There are only a handful of educational institutions that can be called emblems of a Thinking India. Just like Oxford and Cambridge separate the best from the rest in Britain, and Ivy League schools attract the most accomplished minds in the US, India can lay claim to just a few colleges with a legacy that is robust enough to mould the mind and shape the soul. St Stephen’s is inarguably one such place. What our IITs are to engineering and science, St Stephen’s is to the world of liberal arts and humanities. When this government proposed an additional 27 per cent quota for OBC students in the IITs and IIMs, we all had an opinion, even if we were never going to study technology or business. We didn’t sidestep or ignore the debate because it was only about a few thousand young people, and we were not one of them.
The quota policy, we believed, impacted the future of India, and we were all stakeholders in that. So it is with St Stephen’s. For those of you who have missed the controversy, here is what the fuss is all about. Under a new officer on special duty (Valson Thampu, my old teacher), the college has increased the overall Christian quota to 40 per cent, of which 25 per cent will be kept aside only for Dalit Christians. A certificate from a church will determine who is a Dalit Christian, and all such applicants will be measured against a cut- off of 60 per cent marks, irrespective of which subject they want to study (students competing in the general category for a seat at St Stephen’s usually need anything upwards of an 85 per cent score.)

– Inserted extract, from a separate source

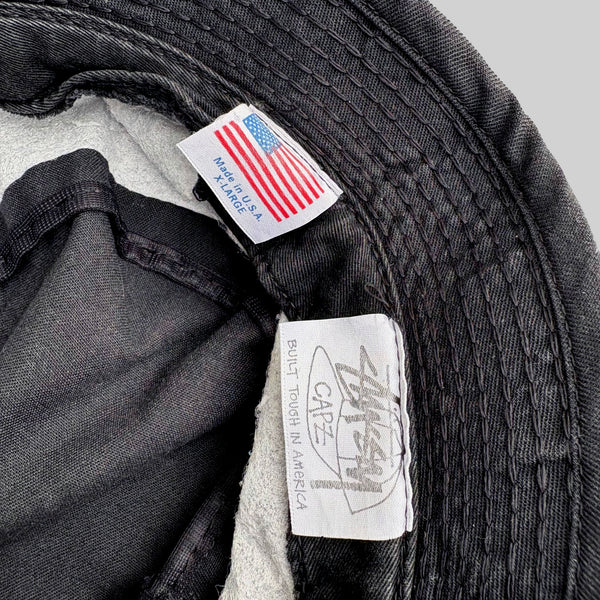 STÜSSY LOGO 90'S BUCKET HAT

If you add the seats reserved for Scheduled Castes and Scheduled Tribes and those kept aside for the sports quota, only four out of every 10 seats will now remain genuinely competitive. Christian students and SC/ST candidates already apply at a cut-off that is 15 per cent lower than that for the general category. And if this were not bad enough, the chairman of the Supreme Council that governs the college has declared that this “could be further lowered if there are not enough candidates to fill the quota”.

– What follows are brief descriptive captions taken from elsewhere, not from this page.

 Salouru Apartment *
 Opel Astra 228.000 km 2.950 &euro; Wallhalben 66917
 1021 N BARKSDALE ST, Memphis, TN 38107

There is a frightening evangelical energy driving the new proposals. Thampu and others who support him have cited the college’s “Christian foundation” and unambiguous identity as a “mission college” to justify the new quotas. I studied English literature at St Stephen’s and it was Thampu who taught me how to look at the Bible as so much more than a preachy religious text. His passionate classes brought the Bible alive as a wonderfully constructed work of art. The Christianity of the St Stephen’s College I remember was atmospheric (how we loved the chapel, the choir and the Cross), cultural and entirely subtle.
Our T- shirts may have been proudly emblazoned with the motto of Ad Die Gloriam, but if anything, the tradition of our college was classic Nehruvian. With the fiery and perhaps naïve idealism of the young, we shunned caste, class and religion. Sprawled on the sunny front lawns of the college we loved, entirely unmindful of social background, region or even language, we believed that this, right here, was a microcosm of Modern India. If there was a Catholicism that defined us at all, it was the notion of right and wrong, justice and injustice and how to hang on to our principles in the face of pressure and prejudice. In the tradition of great liberal arts colleges everywhere in the world, we were argumentative, volatile and perennially in disagreement. But each one of us hoped that as we navigated our way through adult life, we would be guided by a moral compass.
Even today, as I argue (in the face of evidence to the contrary) that the good shall inherit the earth, my friends rib me about my “Catholic conscience”. But that is what I (and hundreds like me) learnt at St Stephen’s College. To watch these historic traditions of integrity and intellectual robustness being asphyxiated by a narrow textbook notion of religion is truly heartbreaking. St Stephen’s College is legally within its rights as a minority institution to bring in these new quotas (despite the fact that 95 per cent of its expenses are met by the University Grants Commission). But the college that taught us all to never accept inherited wisdom must now turn its innate questioning spirit to itself. It must answer why it has chosen to self-destruct and walk down a path that will kill the very liberalism that has defined it for decades. For the rest of India, this is a wake-up call. We have watched quota politics divide the country again and again. We sat back in helpless horror recently as Rajasthan erupted into a full-blown caste war. The poisonous cocktail of religion and politics has already destroyed other great institutions like the Aligarh Muslim University and the Banaras Hindu University. Must we keep another tombstone ready with nostalgic epitaphs in place? Merit may be a complex myth in a country as unequal as India. But it’s time for an ill-conceived and self-serving quota policy to get a firm and quiet burial. India needs a more imaginative way to address inequity and discrimination.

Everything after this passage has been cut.